He stared at her surprised by her words. "Roland," he said, remembering. "We were coming home…that was the day of my death. Magnolia, you truly went back. How is this happening?"

"How is any of this happening? How am I seeing and conversing with your spirit? Why not traveling back in time?" She let out a shallow laugh. "It's all unreal."

"Magnolia, I should go back with you. Perhaps I'm stuck here because there is still another me wandering around somewhere."

She shook her head. "Don't go back, Oliver," she pleaded. "If you are taken back to that night…seeing yourself like that…"

"I already touched the gauntlet to go search for you. l I even put my hand in it, but nothing happened."

"Oliver, why did you do that? What if it took you to that night?"

He shrugged a shoulder. "What if it brought me to you?"

She wanted to run to him, be caught up in his arms.

"Oliver, we were…both solid."

He stared at her and she was so thankful for his needful gaze. She told herself she could remain with him this way until her dying day. She didn't need anything more than his attention.

"Bring me back with you, Magnolia."

She nodded, thinking of a hundred reasons they shouldn't play around in the past. But this wasn't a game. She had to save him.

After a quick breakfast with her eating and him watching, they went to the library and stood before the gauntlet.

"What if it sends us to different places?" she said with worry making her voice quaver.

"I'll find you," he reassured her with a slight wink.

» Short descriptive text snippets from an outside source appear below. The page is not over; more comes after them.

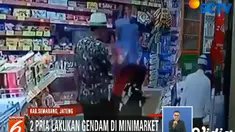 Pelaku pertama yang diketahui beraksen Malaysia bertugas mengalihkan perhatian salah satu kasir.
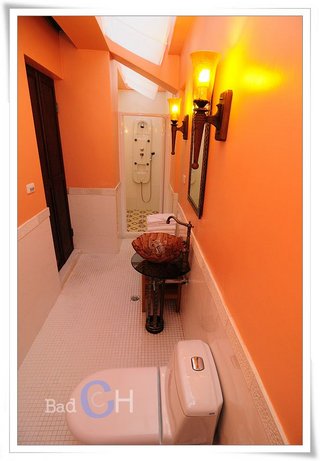 衛浴間皆有SPA按摩柱讓旅客享受比飯店更高級的設備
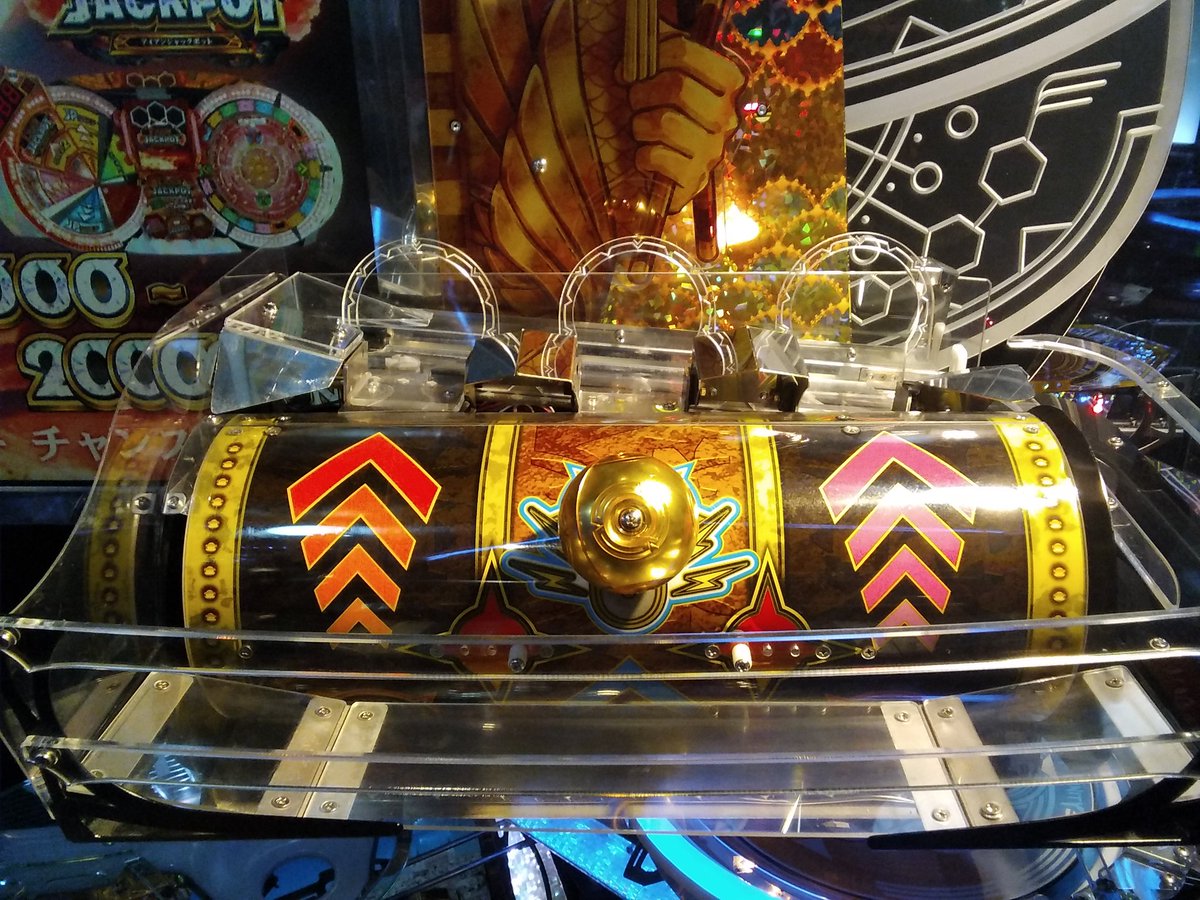 メダルゲーム情報】 大好評稼働中フォーチュントリニティ5の清掃を実施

"I don't know how this thing works, Oliver."

"Since it didn't bring me back when I tried," he said, "I suspect we have to be connected, or touching."

He held out his hand. She looked at it, translucent in the library. She lifted her fingers to it. As they touched, Maggie closed her eyes, imagining his flesh, his heat, the roughness of his hand. But it didn't change the fact that there was nothing there. If the gauntlet were somehow only meant for her, it wouldn't work.

"Oliver," she said softly, "you have to come through me. Ready?"

Before he opened his mouth to answer, she stepped forward, straight into him with one hand resting on the ancient glove.

Maggie wasn't aware of how much time passed as she was transported through it. She was only aware of the intruding spirit filling her as it had once before. But now, his presence was comforting. His scents of the briny sea, leather, and chainmail went straight to her head and made her smile. Every part of him mixed with her and made her cling to him, vowing to never let go. But too soon she landed on her rump on that battlement. Separating from him was the most difficult thing she'd ever had to do. It made her realize that she was wrong to think she would be satisfied without touch. No. She knew she wanted to be consumed in his arms.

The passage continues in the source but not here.